9–As sociedades que se consideram dedicavam-se, essencialmente, aos serviços de transportes turísticos.

10–Sendo certo que, enquanto a frota da Autora era exclusivamente composta por carrinhas (veículos com 8 ou 9 lugares), a frota das outras sociedades era exclusivamente composta por carros (veículos com 5 lugares).

11– Os termos do compromisso de preferência firmado entre a Autora e as referidas três sociedades, baseado no facto de os sócios da Autora serem sócios dessas sociedades, importava o seguinte: a) Sempre que à Autora fossem solicitados serviços de transportes com carros, deviam os mesmos, em termos equitativos, ser adjudicados às sobreditas sociedades, contra, como é óbvio, a necessária faturação. Sempre que às três empresas fossem solicitados serviços de carrinhas, deviam, os mesmos, ser adjudicados àAutora, contra a necessária faturação.

12– Este procedimento importava uma conta corrente entre a Autora e as outras sociedades, sendo que essa conta corrente, implicava, na maior parte das vezes, um saldo credor favorável às sociedades dos sócios (e depois do ex sócio CC).

13–Em 2016, cada uma das referidas sociedades, faturou à Autora os seguintes valores: - N...Lda. - € 58.385,00; - F..., Lda. - € 56.336,50 –; - FIRSTOUR, LDA. - € 66. 015,06.

14 –De tudo isto decorria que, quando o saldo credor fosse favorável a cada uma das sociedades que se consideram, estas, normalmente, não pagavam à Autora (em termos de procedimento formal) os serviços que lhe adjudicavam; ou seja, compensava-se o crédito de cada uma das sociedades com o crédito da Autora e quando daí resultasse um saldo credor a favor daquelas sociedades, a Autora procedia à respetiva liquidação.

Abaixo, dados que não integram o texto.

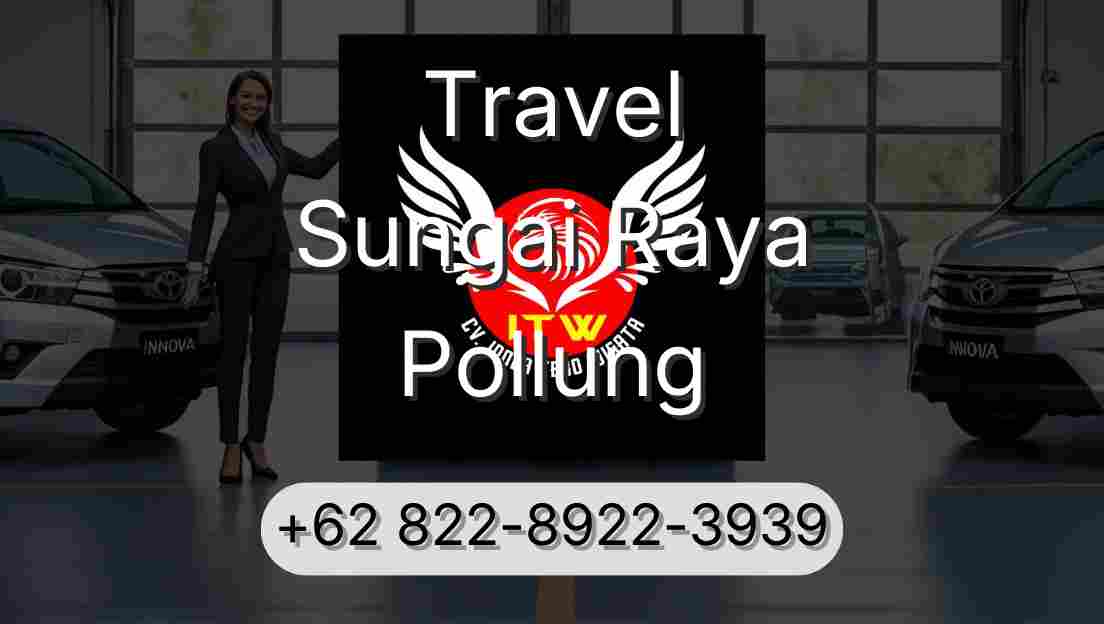 Travel Sungai Raya Pollung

15– No âmbito da transação outorgada, em 01 de Março de 2017, pela Autora no procedimento cautelar que correu termos no Juízo de Comércio de ... – Juiz..., sob o n.º 73/17.7..., esta comprometeu-se nos seguintes termos : “A Sociedade Clevertours – Viagens e Turismo, Lda., enviará ao requerente até ao último dia de cada mês o mapa de escalas de distribuição de serviços entre as empresas N...Lda., F..., Lda. FIRSTOUR, por forma a permitir a este verificar o cumprimento do princípio da distribuição equitativa dos serviços.”

16 -Também na transação subscrita em 20 de Setembro de 2017, no âmbito da ação declarativa de condenação que correu termos no Juízo de Comércio de ... – Juiz ..., sob o n.º 2568/17.3... a ora Autora assentiu expressamente que o teor da mesma não prejudicava os efeitos daqueloutra, consignando-se no ponto 6 da mesma que “O presente acordo não abrange a sentença proferida no processo cautelar n.º 73/17.3...…”.

17–Sendo certo que nunca, em momento posterior, a Autora emitiu qualquer declaração (mais ou menos formal) tendente à cessação da eficácia do compromisso assumido no âmbito da transação outorgada, em 01 de Março de 2017.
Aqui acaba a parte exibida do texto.